For about, well, nine years now I’ve been working a book on messaging. The basic tenet has been that companies, organizations need to master the art of messaging, not just to attract attention and change minds but in order to effectively compete. And, that messaging – as lead by communicators will dwarf the spend and effort put into traditional brand processes.
The two current hot-points in messaging are framing and the challenge to the Universal Message. These two notions together are perhaps the most powerful combination in communications today. They underpin the most effective of messaging campaigns.
UC Berkeley Professor George Lakoff has produced one of the best pieces on framing – essentially the art of using messaging as a competitive tool. Also see his interview on PBS.
Language always comes with what is called “framing.” Every word is defined relative to a conceptual framework. If you have something like “revolt,” that implies a population that is being ruled unfairly, or assumes it is being ruled unfairly, and that they are throwing off their rulers, which would be considered a good thing. That’s a frame.
Parallel to this another movement has been hammering away at the need for a single message to underpin the brand. This notion has been the rainmaker for many a consulting firm who has delighted in pointing out to their clients (read victim) how many messages they have and thereby how messed-up they are. Let’s call this the plee for the Universal Message.
Recently a cat-fight broke out in Ad Age between the ‘positionistas’ and McDonald’s CMO, Larry Light. Larry said at an AdWatch conference he was abandoning the universal message concept in favor of a “brand journalism approach”. No more one message for all. Instead, brand journalism:
“…is a chronicle of the varied things that happen in our brand world, throughout our day, throughout the years. Our brand means different things to different people. It does not have one brand position. It is positioned differently in the minds of kids, teens, young adults, parents and seniors. It is positioned differently at breakfast, lunch, dinner, snack, weekday, weekend, with kids or on a business trip.
“Brand Journalism allows us to be a witness to the multi-faceted aspects of a brand story. No one communication alone tells the whole brand story.
“Each communication provides a different insight into our brand. It all adds up to a McDonald’s journalistic brand chronicle.”
For me, this idea is an interesting one. Laura Ries thinks it’s pretty silly.
The notion that McDonald’s should abandon the positioning philosophy and instead adopt a brand journalism approach is lunacy. Brand journalism is just another name for an approach that has been tried and has failed many times before. It is the everybody trap. Brand journalism attempts to make a brand appeal to everybody by using many different brand messages.
Brands that try to appeal to everyone end up appealing to no one.
Now while I take her point, the notion Larry is getting at points to the need to infuse brands with meaningful messages and deeper storytelling. Most brand marketers get it wrong. There is clear evidence that a single message presented in an unrelenting integrated marketing campaign winds-up dull and boring. But that doesn’t mean message diversity (driven by audience diversity) replaces the need for a clear and decisive position.

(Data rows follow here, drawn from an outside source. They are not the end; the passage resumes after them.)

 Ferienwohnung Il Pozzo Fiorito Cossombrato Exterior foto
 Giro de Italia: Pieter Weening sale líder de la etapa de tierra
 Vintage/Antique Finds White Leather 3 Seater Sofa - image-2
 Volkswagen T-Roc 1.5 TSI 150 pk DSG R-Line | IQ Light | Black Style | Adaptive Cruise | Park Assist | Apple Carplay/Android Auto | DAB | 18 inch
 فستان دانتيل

So, where I do agree with Laura is that while every company has multiple audiences we need to prioritize them and speak more to one than any other. They are the audience that defines the brand. In McDonalds’s case, that’s kids (I think). But lets not confuse focusing the marketing effort with focusing the message.
This is a fascinating debate. In converging these two trains of thought – framing and universal messaging – you get at the tenets of effective communications:-
1. Messages must resonate with a single audience first and foremost. They must speak to someone. Everybody is nobody.

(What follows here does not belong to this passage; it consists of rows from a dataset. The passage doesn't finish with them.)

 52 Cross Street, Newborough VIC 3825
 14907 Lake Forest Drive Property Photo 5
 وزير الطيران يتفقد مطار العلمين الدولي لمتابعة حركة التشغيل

2. Messages must be dimensionalized through storytelling. One message can live in many stories, for many different audiences.
3. Messages are being used today to frame competitors as effectively as they are being used to frame brands. Simon Phipps recent blog looks at how Sun’s competitors have been doing this to us (the bad news). The good news – we’ve figured this out! Actually, we’ve been doing it better than most for a very long time.
4. Even for framing to work, it needs to be underpinned with deep storytelling. Even if that storytelling is, well, a story. You can compete with framing through storytelling.
5. Messages need to be part of the product experience – the experience that can only be had and held by an individual. I liked what Burger King’s ad agency was reported to have done with the doors on stores – they had them open either way and then marked the door the the brand message “have it your way”. Brand + experience + message. This is a little superficial but you get the point.